Ivan Jules Bates (born 1968/1969) is an American politician and lawyer who has served as the State's Attorney of Baltimore since 2023.

Early life
Bates was adopted by his parents, Henry and Cleora, in El Paso, Texas. Due to his father's service in the United States Air Force, his family moved several times, including to Germany, Virginia, and New Mexico, before finally settling in Hampton, Virginia, where Bates attended the segregated Bethel High School, where he graduated with a 1.9 GPA.

After graduating from high school, his father enlisted him in the United States Army, where he was assigned to the 32nd Army Air and Missile Defense Command and worked as a light wheel vehicle mechanic before reaching the rank of private first class. He was honorably discharged from the Army in 1988.

After leaving the military, he enrolled at Howard University, where he served as the second president of the Howard University Student Association before graduating with a bachelor's degree in journalism in 1992. Afterwards, he attended the William & Mary Law School, where he received his Juris Doctor degree in 1995. While at William & Mary, he clerked for the NAACP Legal Defense and Educational Fund. After graduating, Bates wanted to move back to Los Angeles, California, but his mother asked him to move to Baltimore to take care of his aunt Edna.

Career
Bates started his legal career in Baltimore, working as a law clerk for Baltimore Circuit Court Judge David B. Mitchell. He later worked in the homicide division of the Baltimore State's Attorney's Office under state's attorney Patricia Jessamy from July 1996 to June 2002. He left to become a defense attorney for the law firm of Schulman, Treem, Kaminkow, and Ravenell, and worked on the U.S. Supreme Court case Maryland v. Blake.

In 2006, Bates started his own law firm of Bates & Garcia, P.C., in downtown Baltimore. He represented Baltimore Police sergeant Alicia D. White, one of six police officers charged in the arrest and death of Freddie Gray in April 2015, and several clients victimized by the corrupt Gun Trace Task Force, whose members in 2017 were federally indicted and convicted of racketeering. In June 2019, Bates testified before the Commission to Restore Trust in Policing, recommending a number of state law to prevent corruption in Baltimore's criminal justice system.

State's Attorney of Baltimore City

Elections

2018

In 2018, Bates unsuccessfully ran for state's attorney of Baltimore, challenging incumbent state's attorney Marilyn Mosby. He ran on a platform of supporting community policing and curbing gun violence.

During the campaign, Kristien Miller, a supporter of Thiruvendran Vignarajah, filed a lawsuit against Bates alleging that he was not qualified to run for state's attorney. In March 2018, Baltimore Circuit Court Judge Lawrence Fletcher-Hill ruled that Bates had lived in the city since 2016 and was qualified to run for state's attorney.

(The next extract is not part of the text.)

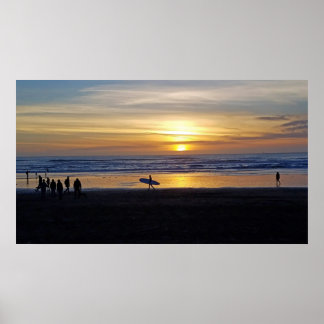 Póster Silhouettes by the Bay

In May 2018, Bates released a campaign ad in which he claimed that he had "never lost a murder case". He came under fire for this claim, as online court records show that Bates prosecuted eight murders and dropped five of them. Bates defended his claims by providing additional court records that list him as a prosecutor in homicide cases against Lynelle Whiting and Gregory Everett in 2001 and 2002 respectively. In June, he released a list of 11 more cases he claimed as "wins", four of which had ended in convictions. He later threatened to sue the two other candidates in the race, Vignarajah and Mosby, and the Baltimore Afro-American newspaper for defamation, calling the claims made by the candidates related to his murder cases were "absolute lies".

Also in May 2018, Bates told the Rolling Stone that he would drop charges against Adnan Syed, the Serial podcast host who was serving life in prison for his initial conviction in the killing of Hae Min Lee in 1999.

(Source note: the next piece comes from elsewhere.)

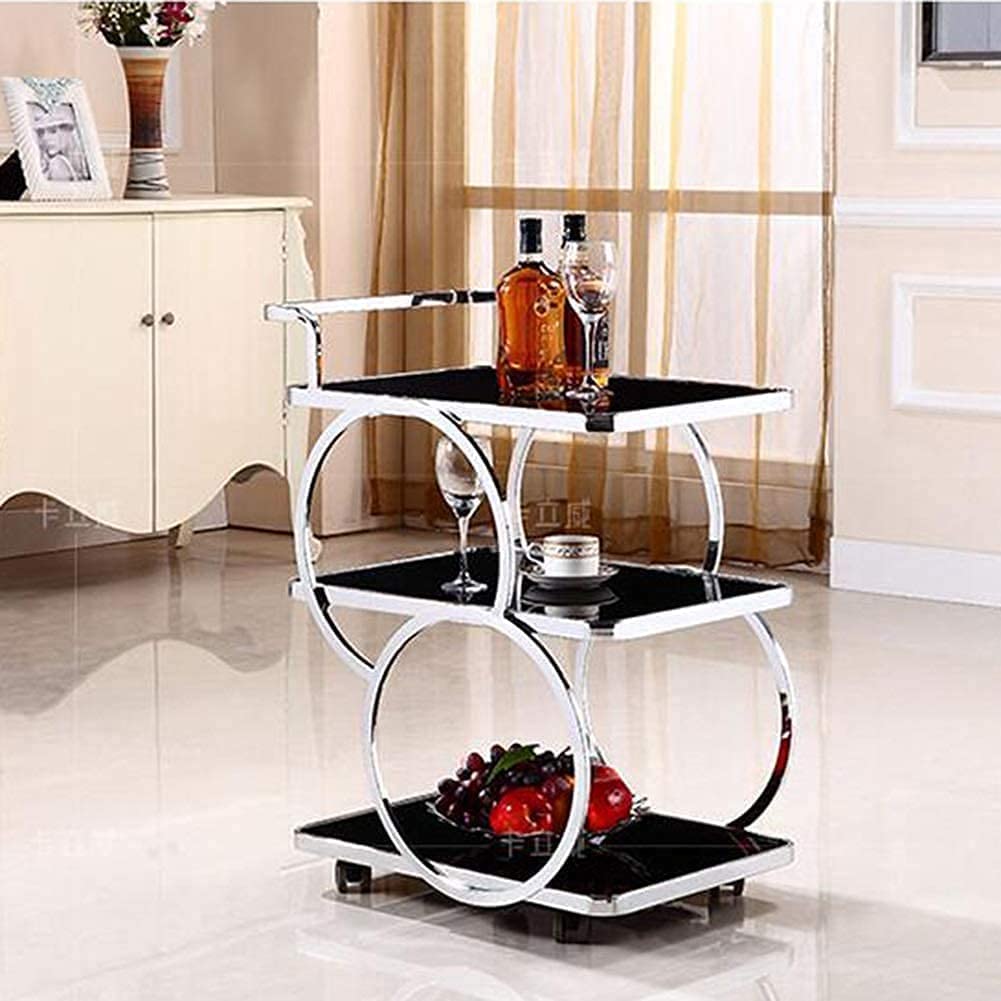 Carrito de Bar móvil, Carrito de Almacenamiento de Vino para Cocina doméstica, Hotel, Comedor, cafetería y Restaurante.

Bates was defeated in the Democratic primary on June 26, 2018, placing second behind Mosby with 28.1 percent of the vote.

2022
On November 18, 2021, Bates announced that he would again run for state's attorney, challenging incumbent state's attorney Marilyn Mosby.

Bates supports improving the technology used in the state's attorney's office, including software programs that would add subtitles to police body camera videos. He unveiled a prosecution plan in March 2022, which includes cracking down on gun violence and restarting prosecutions for nonviolent crimes such as drug possession, prostitution, and trespassing, promising mandatory prison sentences for people convicted on gun charges. He also sought to increase collaboration with the Baltimore Police Department to reduce violent crime. He stressed during the campaign that these policies did not mean the city would be returning to a tough-on-crime mindset that leads to mass incarceration, with many cases being funneled to diversion courts to connect people with alternative treatment services.

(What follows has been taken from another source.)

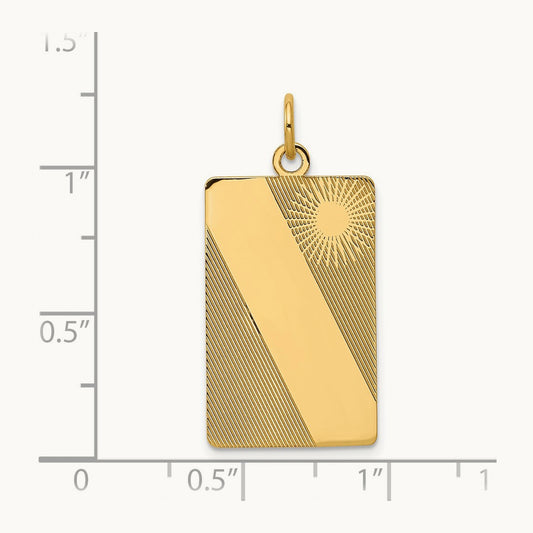 Patterned .013 Gauge Engravable Dog Tag Disc Charm — 30mm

In July 2022, Bates told The Baltimore Banner that he planned drop the controversial case against Keith Davis, Jr., who as of August 2022 is scheduled for a fifth murder trial in the fatal shooting of Pimlico Race Course security guard Kevin Jones in 2015. He declined to comment on the case after winning the Democratic primary, saying that "[a]s State's Attorney-elect, I am no longer a private citizen. I must be mindful of the gag order imposed to the current State's Attorney and how it would ethically apply to me".

During the primary, Bates received endorsements from The Baltimore Sun, former Baltimore mayor Sheila Dixon, former mayoral candidate Mary J. Miller, Maryland Senate President Bill Ferguson, state delegate Luke Clippinger, and former state's attorney Greg Bernstein.

Bates defeated incumbent state's attorney Marilyn Mosby and Democratic challenger Thiruvendran Vignarajah in the Democratic primary on July 19, 2022, receiving 40.9 percent of the vote. Bates was to face Independent candidate Roya Hanna in the general election, but she dropped out and endorsed Bates shortly after his primary win, clearing his path to victory.

Tenure
Bates was sworn in as state's attorney on January 3, 2023. On his first day in office, he reversed Mosby's non-prosecution policy for low-level offenses like drug possession, prostitution, and trespassing.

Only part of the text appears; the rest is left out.